La Storia è fatta di molte piccole storie. L’intervista a Francesca La Mantia, scrittrice, insegnante e regista impegnata per una società civile più onesta, equa e trasparente

di Cristina Penco

Foto: una scena del docu-film di Francesca La Mantia, “La memoria che resta

Francesca La Mantia

Il 9 maggio del 1978 Peppino Impastato, militante di Democrazia Proletaria e candidato al consiglio comunale della sua città, avrebbe dovuto tenere il suo ultimo comizio elettorale. Non arrivò mai a salire sul palco. Poco prima, infatti, fu barbaramente ammazzato per mano mafiosa. C’era chi voleva “punirlo” per la sua trasmissione ‘Onda pazza’: Impastato, infatti, conduceva il programma sulla locale Radio Aut, dove puntava il dito contro mafiosi e politici del territorio. «La mafia uccide, il silenzio pure», soleva ripetere. A distanza di quarantacinque anni dal suo omicidio, il suo operato e la sua testimonianza continuano a rappresentare un inno alla dignità personale e alla libertà di pensiero e di azione di chi ha pagato con la propria vita la lotta per la verità e la giustizia.

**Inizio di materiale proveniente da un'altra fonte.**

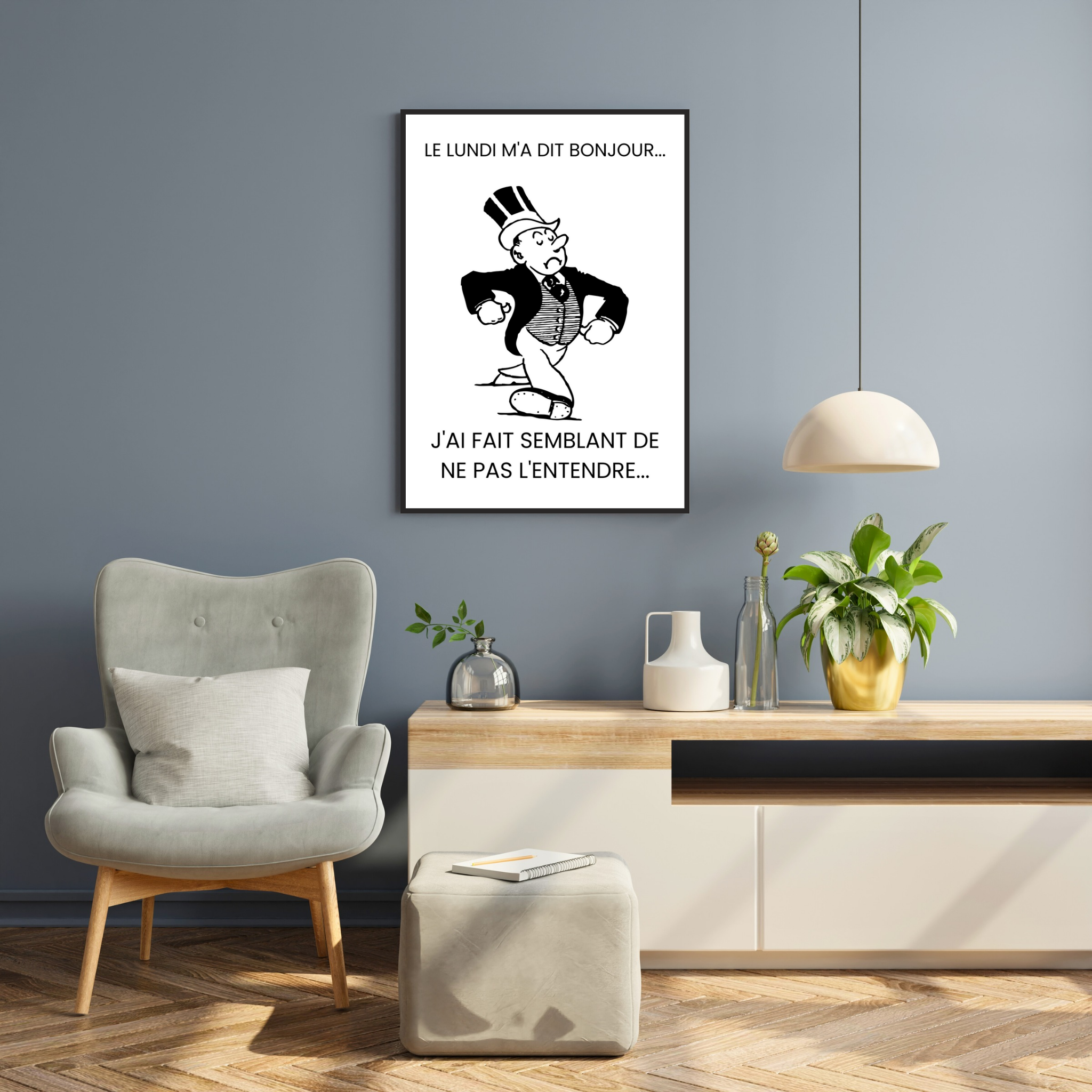 Affiche humour "Le lundi.."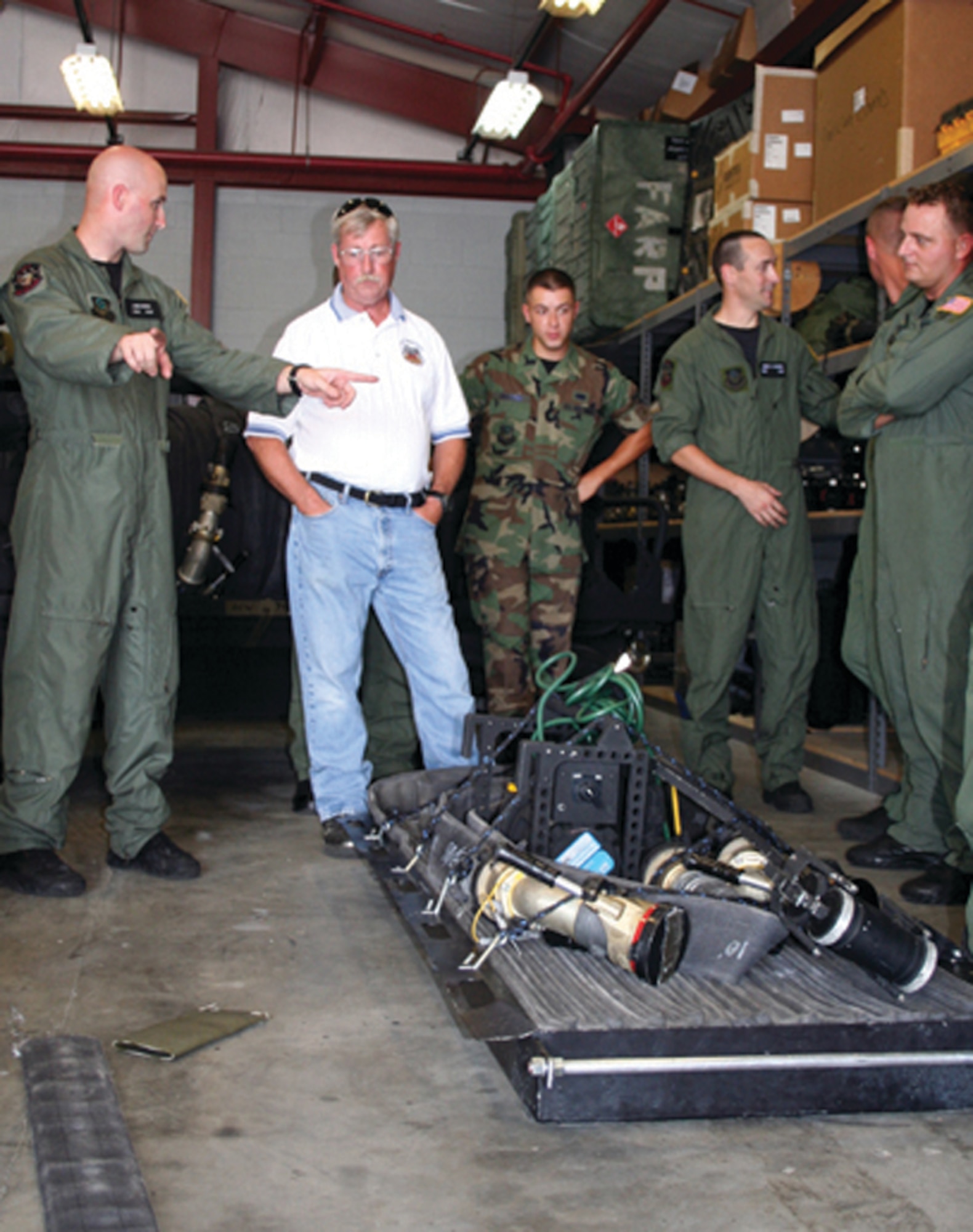 Retired Chief Master Sgt. Richard “Taco” Sanchez, one of the men who developed Forward Air Refueling Point tactics, met with the 1st Special Operations Logistics Readiness Squadron Petroleum, Oil and Fuels Airmen May 11. (U.S. Air Force photo by 2nd Lt. Jesse Brannen)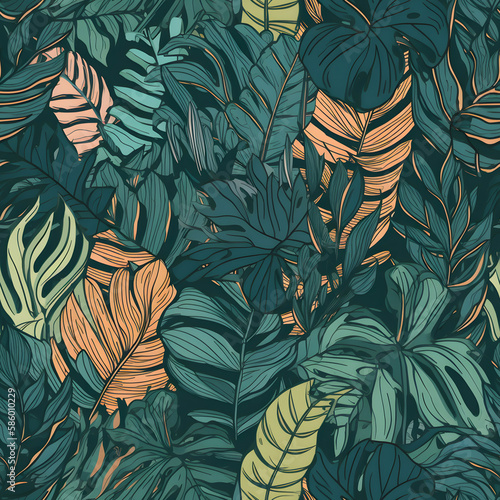 Seamless Pattern - Luxury Jungle Flora - Generative AI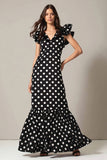 Black and White Mermaid Chiffon V-Neck Maxi Polka Dots Dress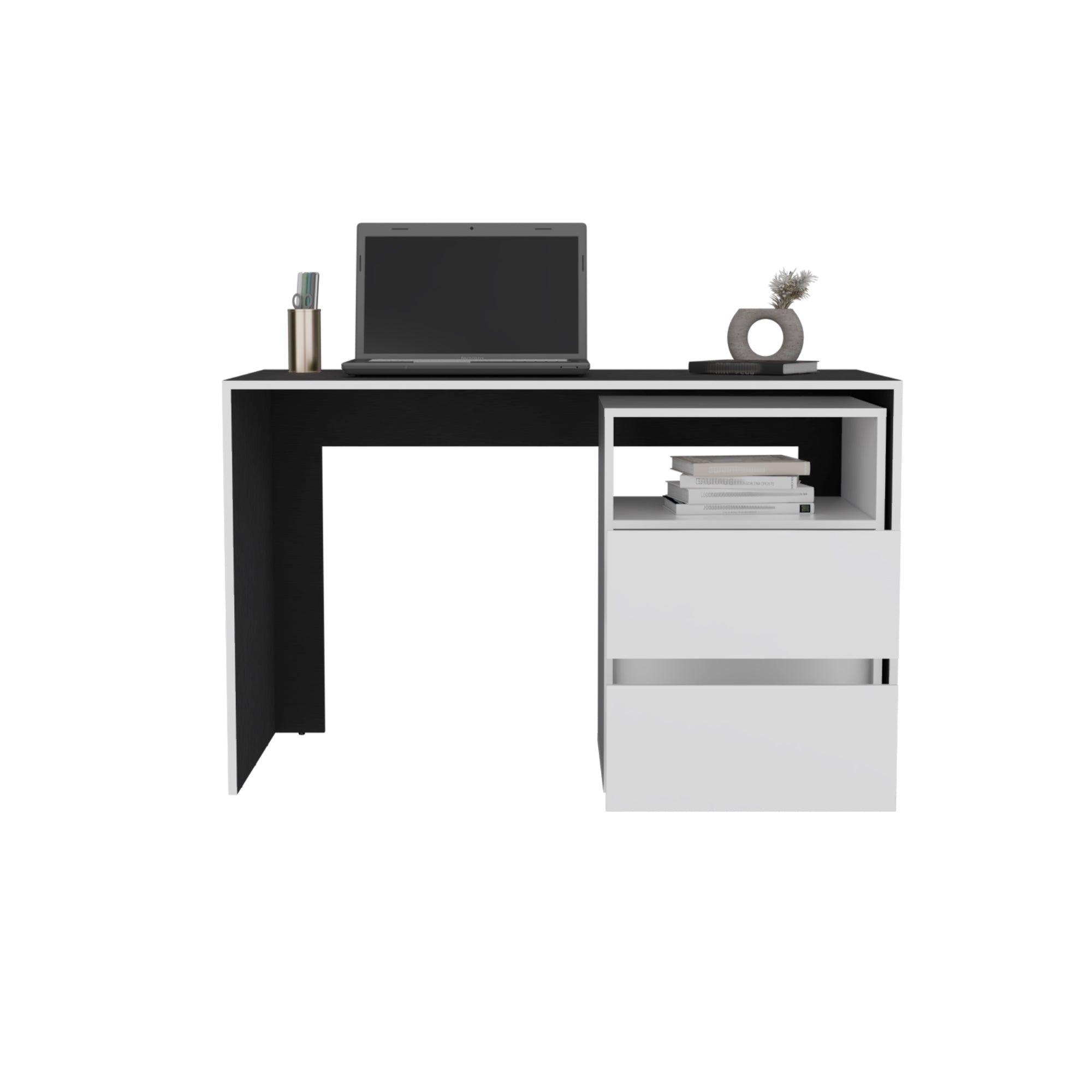 ESCRITORIO 2 CAJONES FM-027B - BLANCO Y NEGRO-3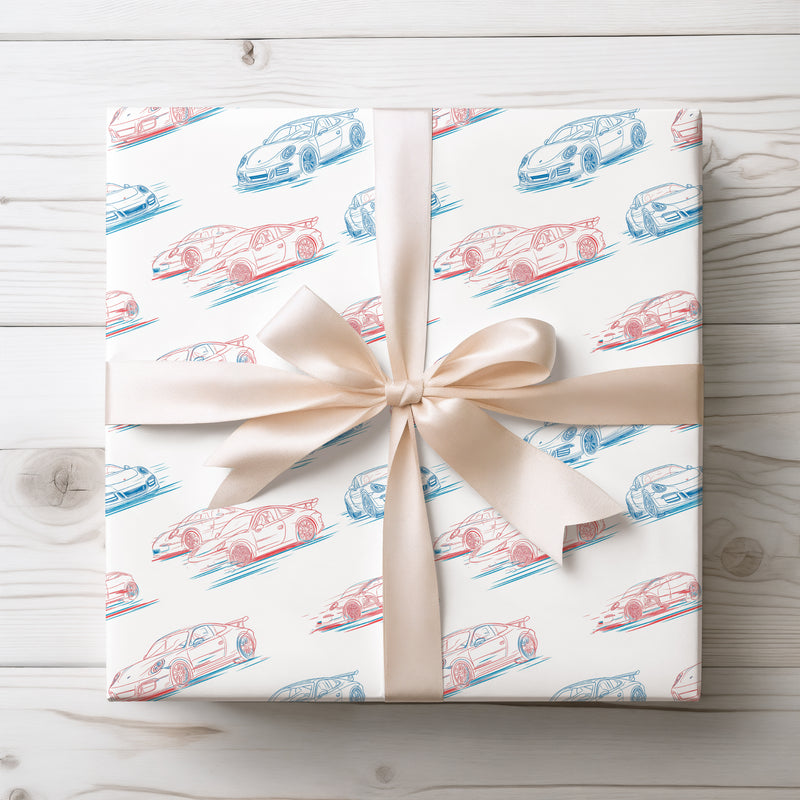Speedline – Red and Blue Sports Car Outline Pattern Wrapping Paper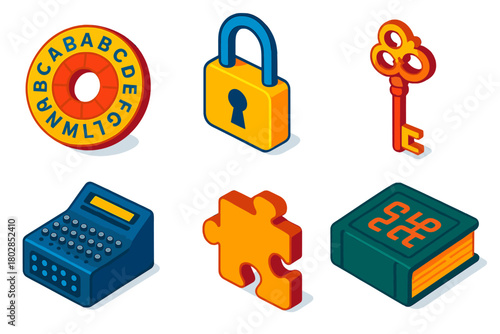 Cipher Puzzle Icons. Isometric vector illustration set Puzzle Codes: circular cipher, lock icon, decorative key, enigma machine,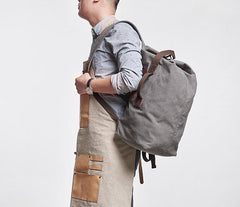 Cool Canvas Leather Mens Bucket Backpack Canvas Travel Bag Canvas Barrel Bag for Men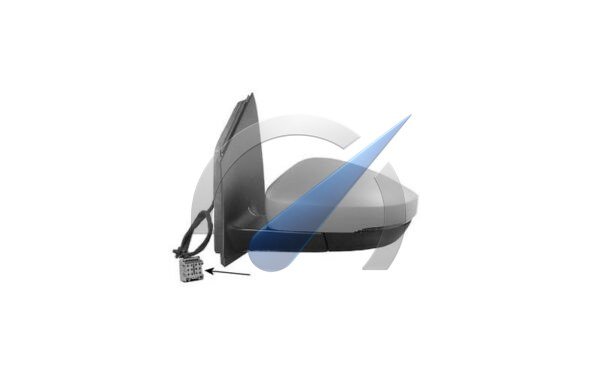 Left full exterior mirror, primer aspherical, suitable for Polo 6R up to 11/2009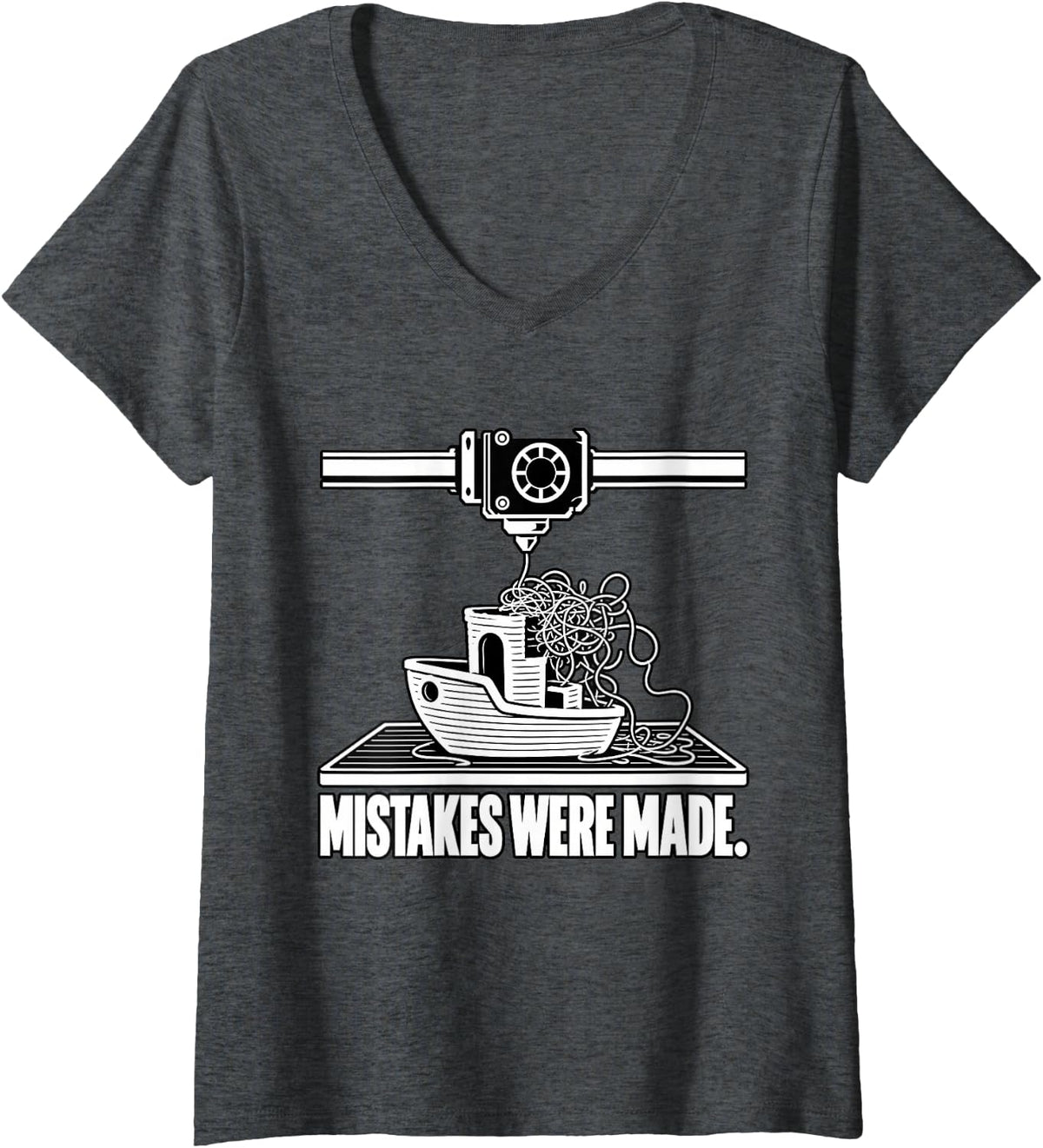 Women's Funny 3D Printing Failed Print Filament 3D Printer Owner V-Neck T-Shirt - Dark Heather Grey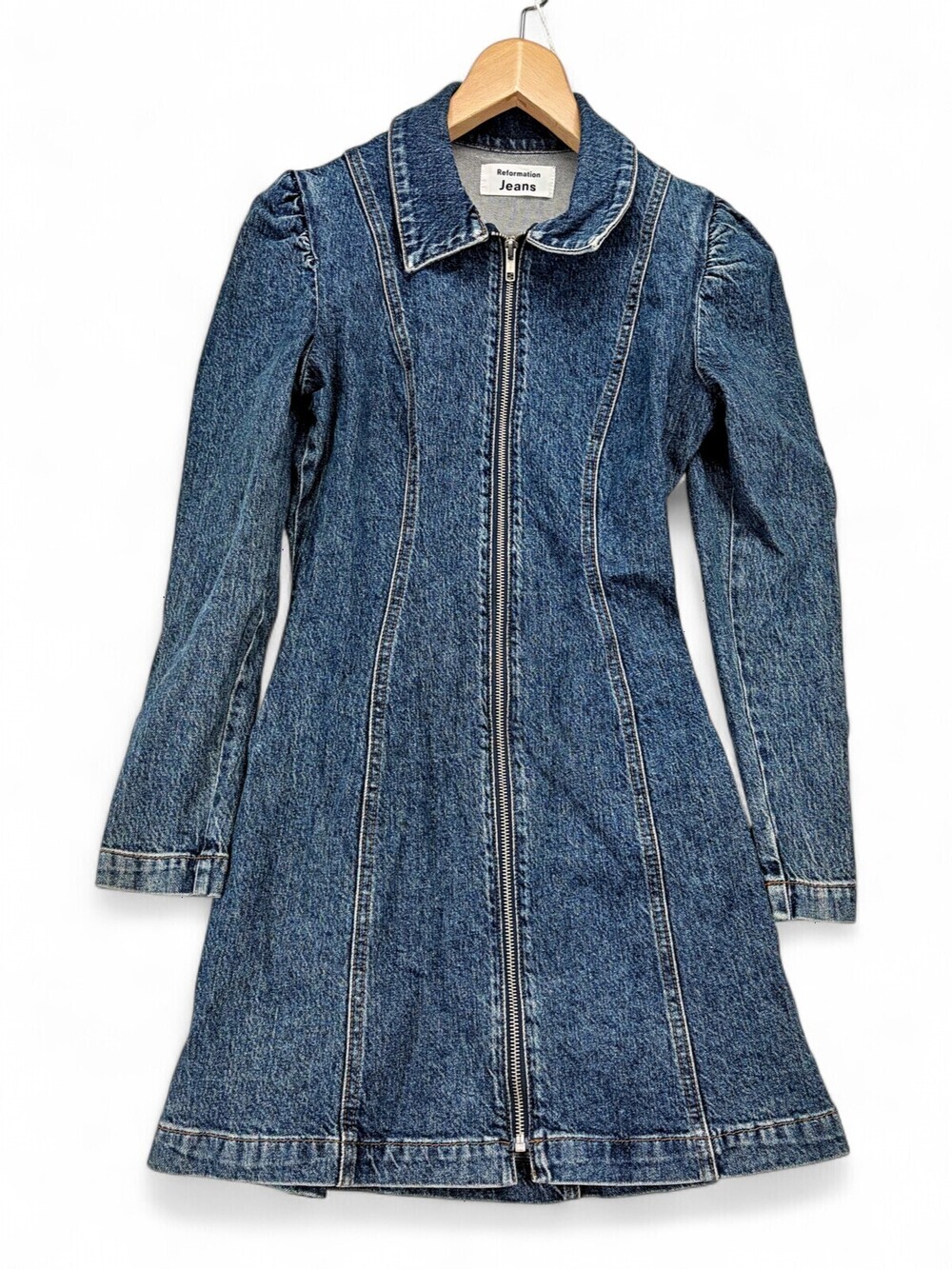 Reformation Denim Jacket Zip-Front Long Sleeve Size 0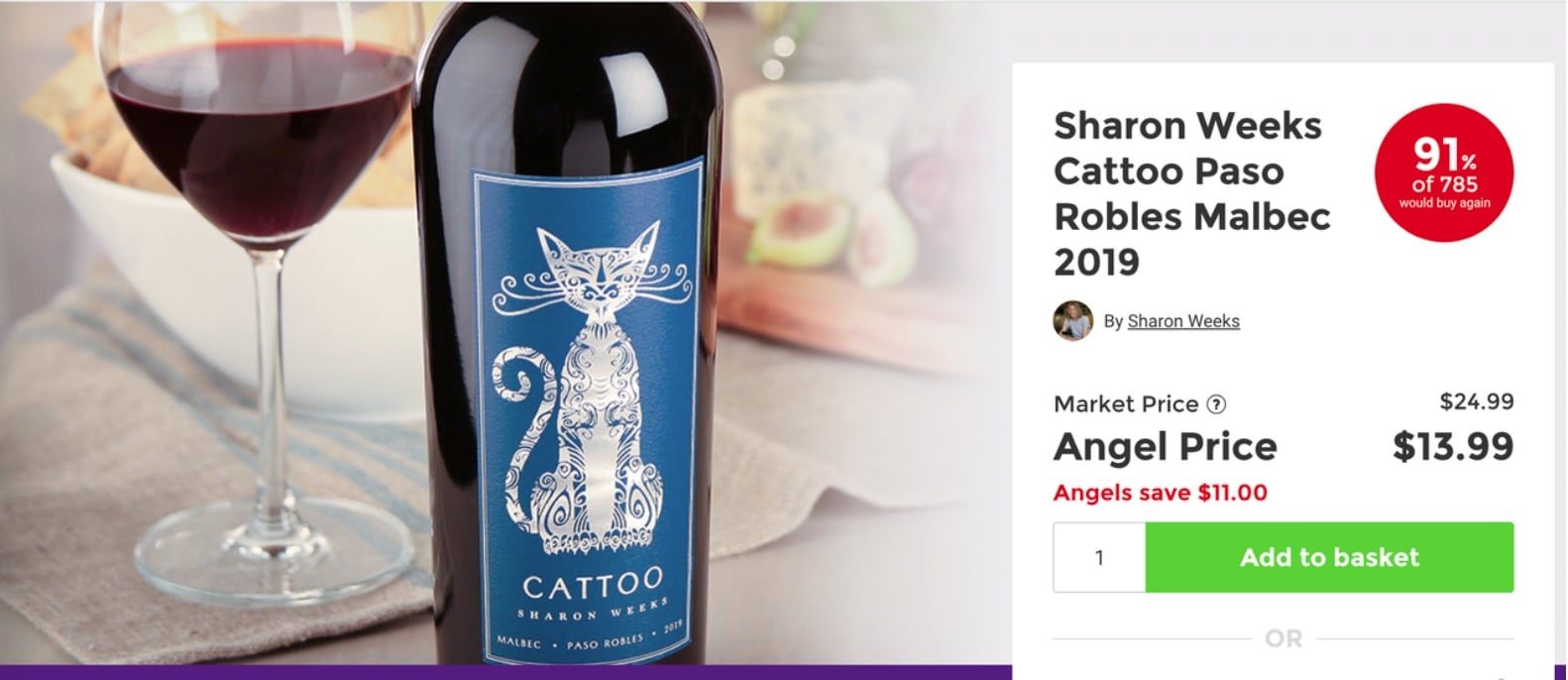 Example bottle of wine for sale on website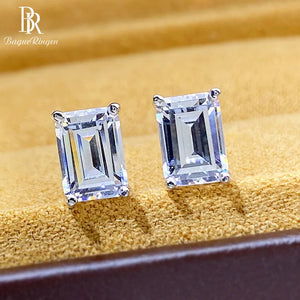 Vintage Diamond Stud Earrings 925 Sterling Silver Wedding Anniversary Jewelry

Quest’anno ricorre anche un altro importante avvenimento. Trent’anni fa, a Palermo, i Carabinieri intercettarono l’auto del boss Salvatore “Totò” Riina mentre stava uscendo dal residence-covo dove viveva nascosto. Dopo 24 anni di latitanza, Riina fu arrestato. È rimasto ai regimi del 41 bis (relativo al cosiddetto “carcere duro”, per la rigidità delle prescrizioni di detenzione) fino alla sua morte, avvenuta il 17 novembre 2017. Era ancora in corso l’ultimo processo a suo carico, quello sulla cosiddetta “trattativa Stato-mafia”, ossia sulla negoziazione a più riprese intercorsa tra le istituzioni e l’organizzazione criminale. Il capomafia corleonese stava scontando 26 ergastoli per numerosi omicidi e stragi, tra cui gli attentati del maggio e del luglio 1992 in cui persero la vita i giudici Falcone e Borsellino e quelli dell’anno successivo, il 1993, in varie parti d’Italia. Non ammise mai i suoi misfatti davanti alla legge, ma, a quanto risulta, nelle ore d’aria spesso si vantava con gli altri compagni di detenzione dell’omicidio di Falcone, per esempio, e proseguiva a lanciare minacce di morte ai magistrati.  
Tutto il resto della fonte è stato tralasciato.